# Brief
Repeat the listing exactly. Do not carry over any pictures.
== Segment start ==
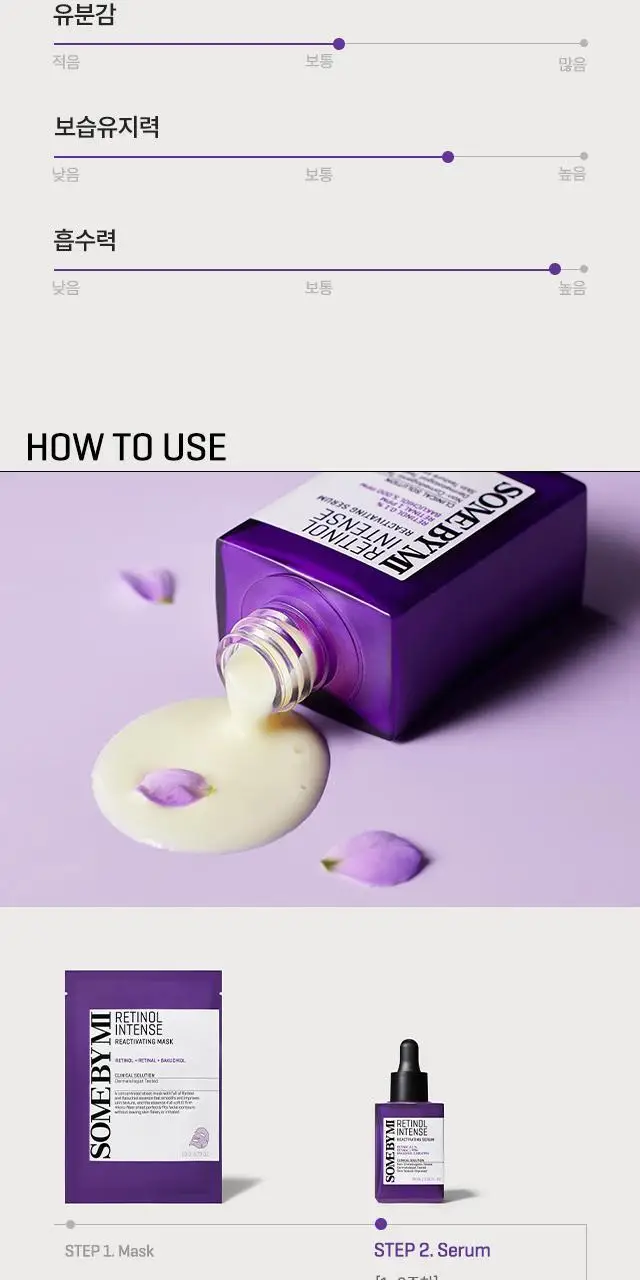 썸바이미 레티놀 인텐스 리엑티베이팅 세럼 30ml 상세페이지 10
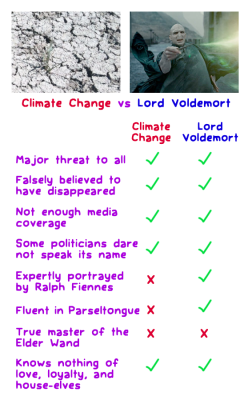 birdandmoon:  Climate change: the Voldemort of our world. Sort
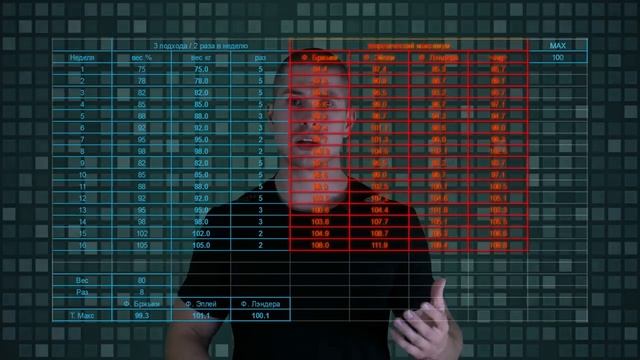 Программа на ЖИМ ЛЕЖА: Мастер Спорта на изи. смотреть онлайн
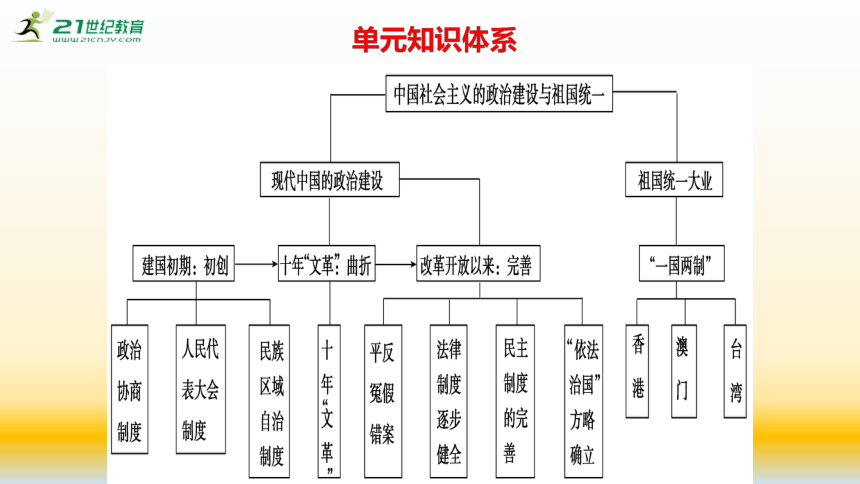 【备考2023】高考历史二轮 现代中国的政治建设与祖国统一系统性针对性专题复习课件（全国通用）(共62张PPT)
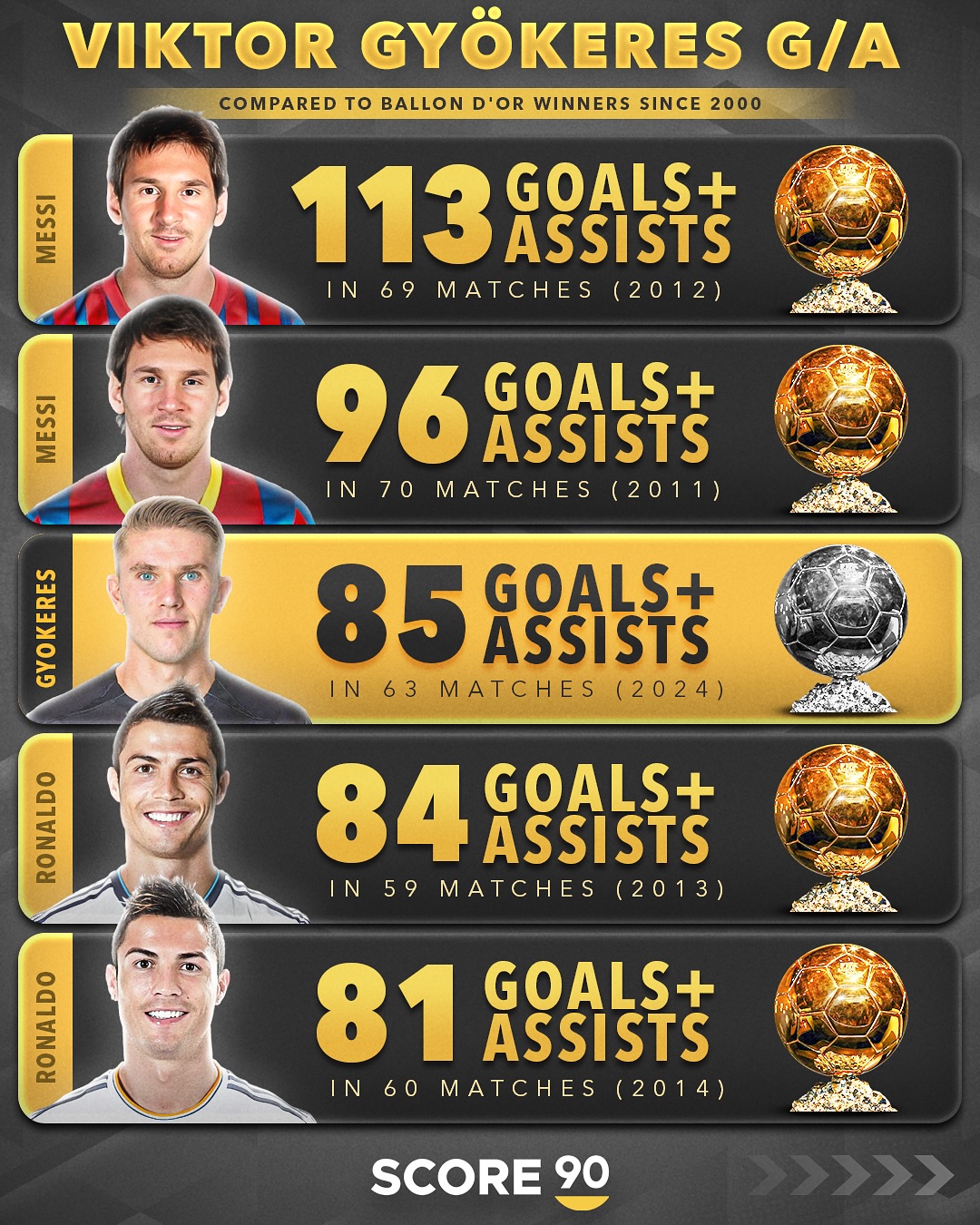 巴塞罗那前锋数据领先欧洲射手榜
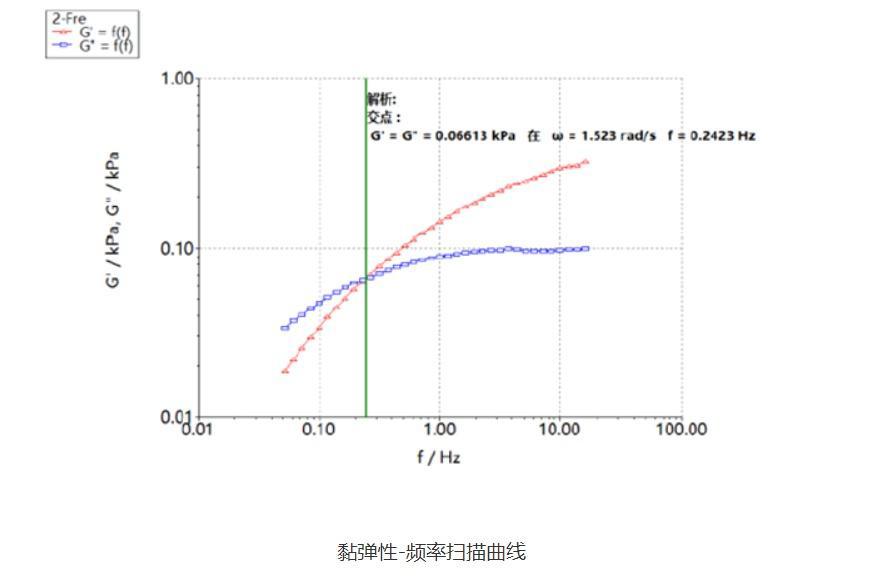 水凝膠粘彈性曲線r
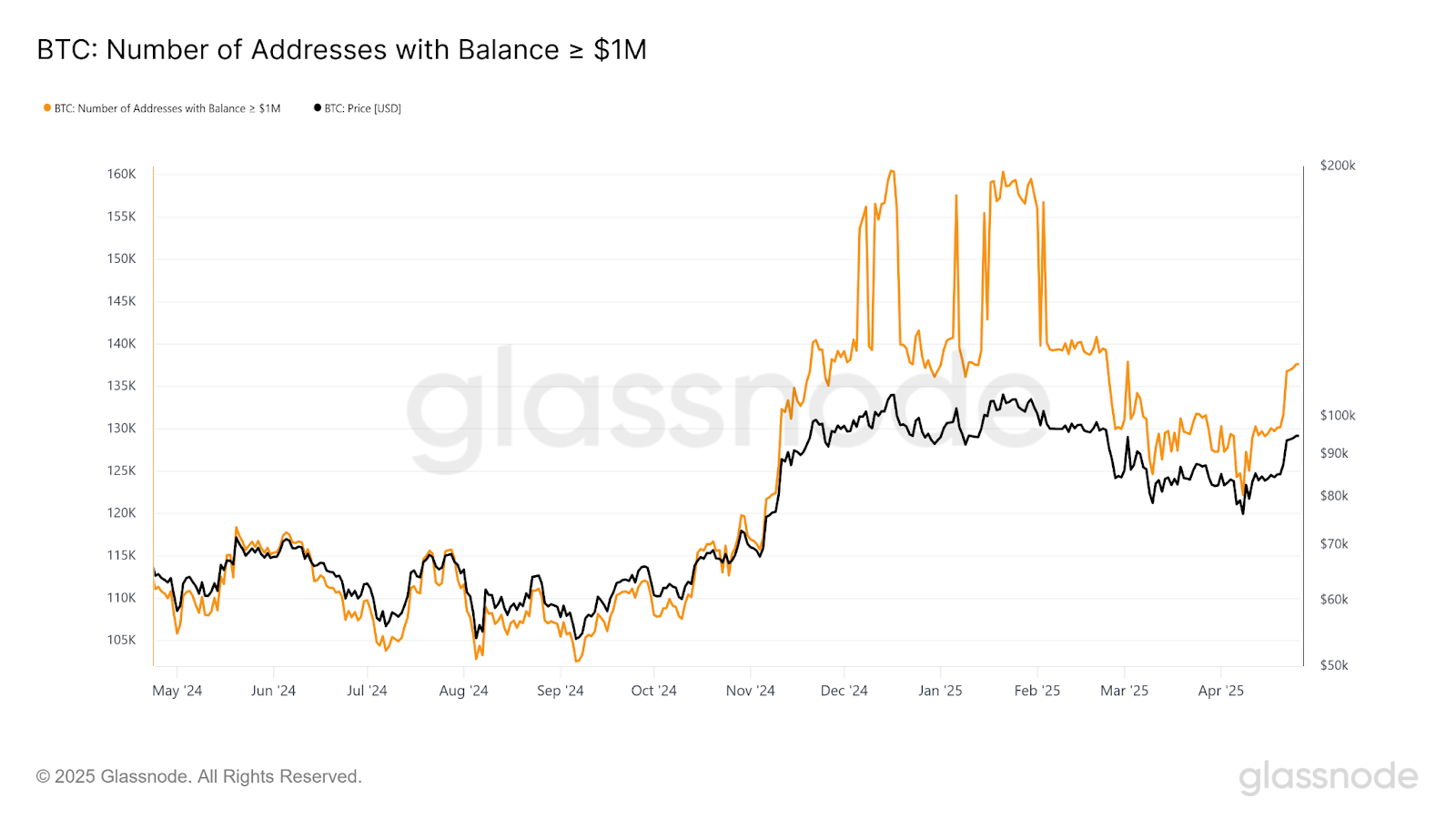 Michael Saylor hints at Bitcoin purchase as whales stack aggressively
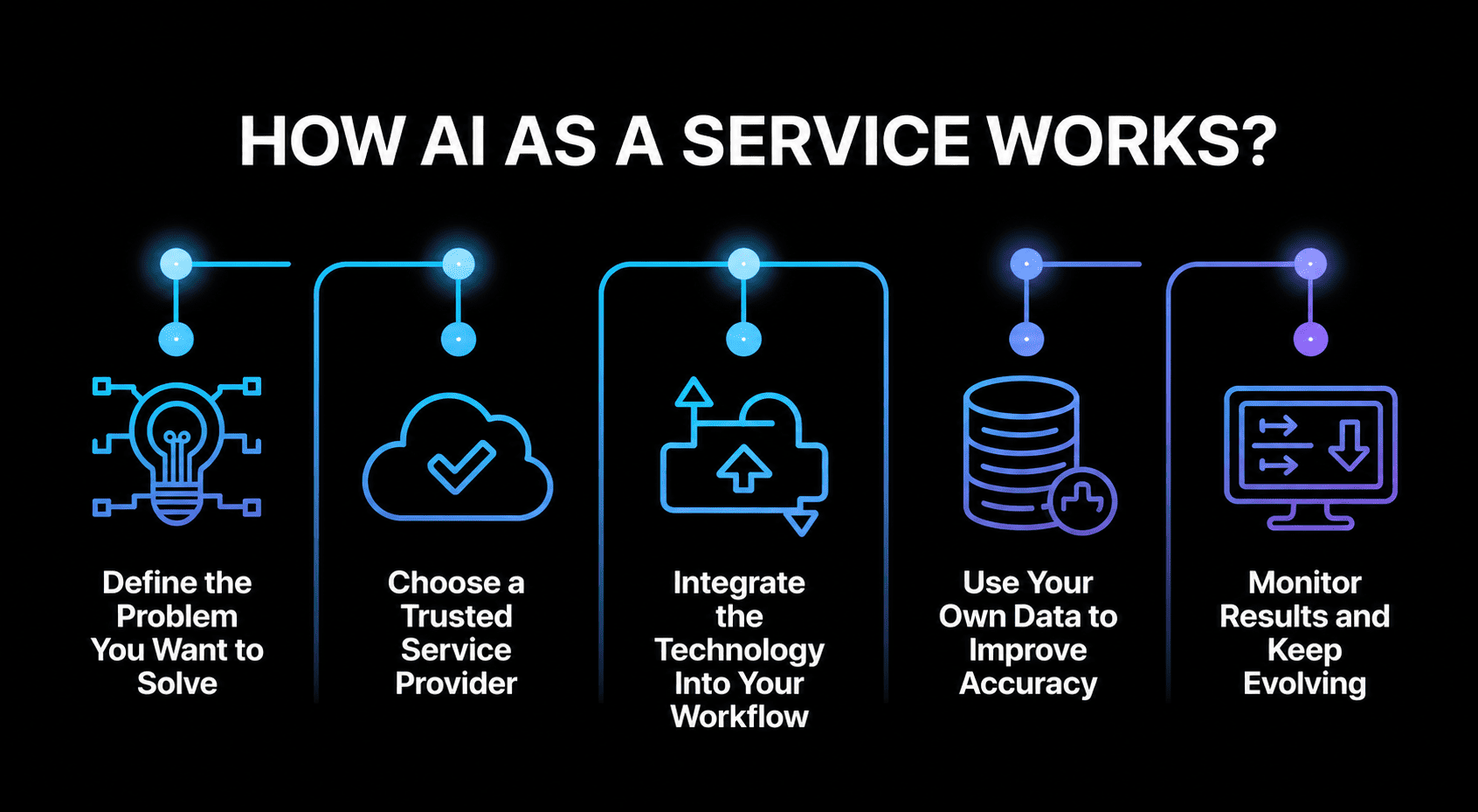 how ai as a service works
== Segment end ==
# Exercise output
 썸바이미 레티놀 인텐스 리엑티베이팅 세럼 30ml 상세페이지 10
 birdandmoon:  Climate change: the Voldemort of our world. Sort
 Программа на ЖИМ ЛЕЖА: Мастер Спорта на изи. смотреть онлайн
 【备考2023】高考历史二轮 现代中国的政治建设与祖国统一系统性针对性专题复习课件（全国通用）(共62张PPT)
 巴塞罗那前锋数据领先欧洲射手榜
 水凝膠粘彈性曲線r
 Michael Saylor hints at Bitcoin purchase as whales stack aggressively
 how ai as a service works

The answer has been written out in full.